Upshaw's trademark is emotion both the good and bad aspects of it. The former first-round pick (1996 by Tampa Bay) can rally his teammates and whip past opposing blockers, but he also once spit in an opposing player's face and draws more than his share of penalties.
"I play aggressive," Upshaw said. "When I go out there on the field, I'm trying to knock the guy out in front of me. Either he's going to knock me out, or I'm going to knock him out. That's how I play. And sometimes people take that aggressiveness and think it's something it's not."
Noble, 28, is far more understated, almost a reminder of departed Redskins center Cory Raymer in his looks and demeanor. His 41 NFL starts haven't made many highlight films, but his comfort over center will allow his fellow defensive tackle to play exclusively over guard something tackles like because it can lead to more sacks and big plays.
Last year, by contrast, Redskins defensive tackles stuck to certain sides of the center, and one would slide into the "nose" depending on the formation.
"I'm obviously not a real flashy athlete," Noble said. "I'm not going to run a 4.2 [in the 40-yard dash] or jump out of a building.

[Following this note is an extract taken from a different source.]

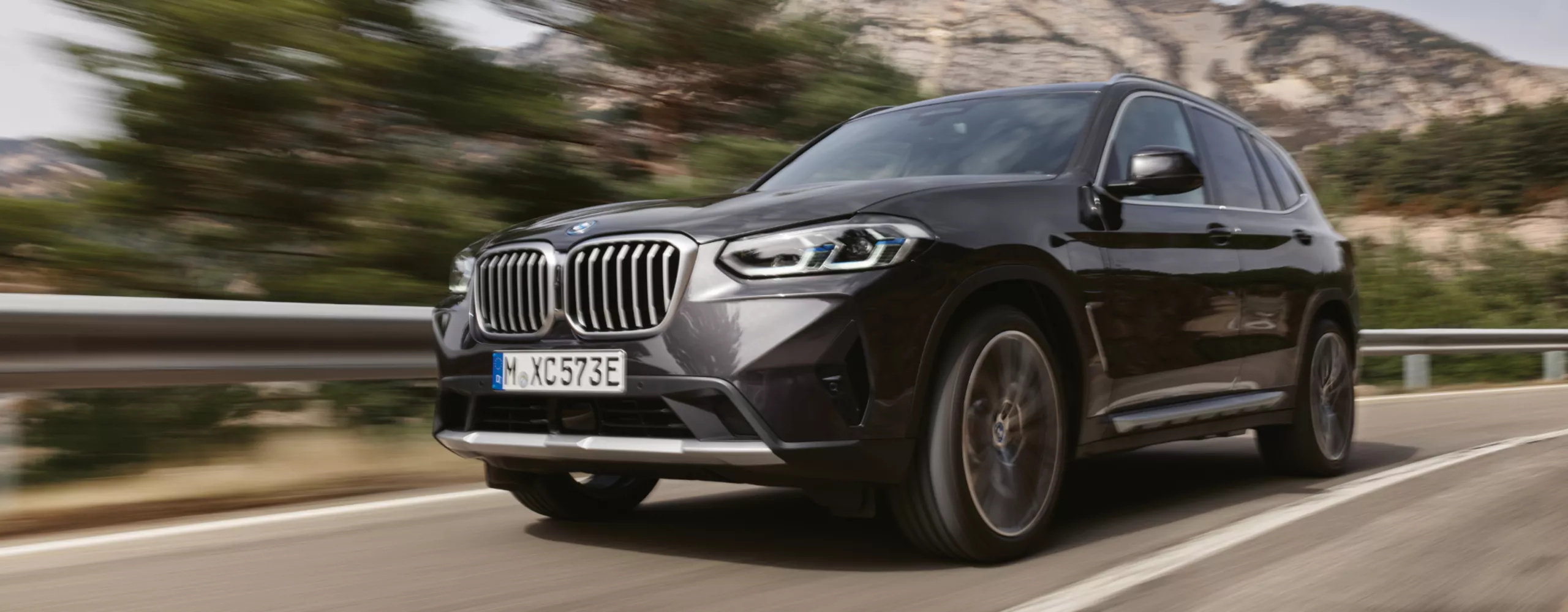 Een BMW interventievoertuig rijdt op een weg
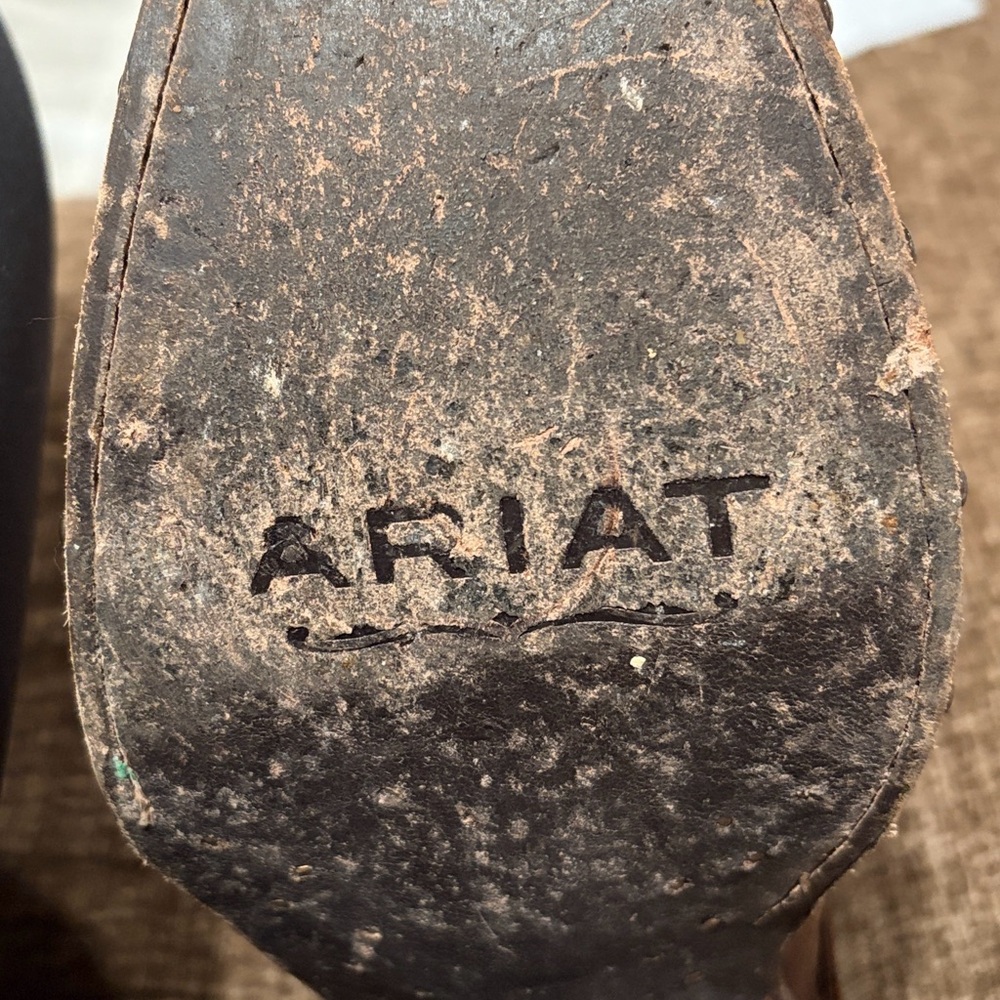 Ariat Greeley Western Tan Brown Studded Leather Booty - Picture 5 of 5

But I'll go out there and hold up a double-team all day long."
The Redskins did lose one player who they expected to sign as recently as last week. Defensive lineman Carl Powell, a valuable reserve at end and tackle last season, signed a two-year deal worth nearly $2million with Cincinnati. His signing bonus of $500,000 was about $50,000 more than Washington was offering, but more important was the Bengals' apparent intention of slotting him as the starting left end.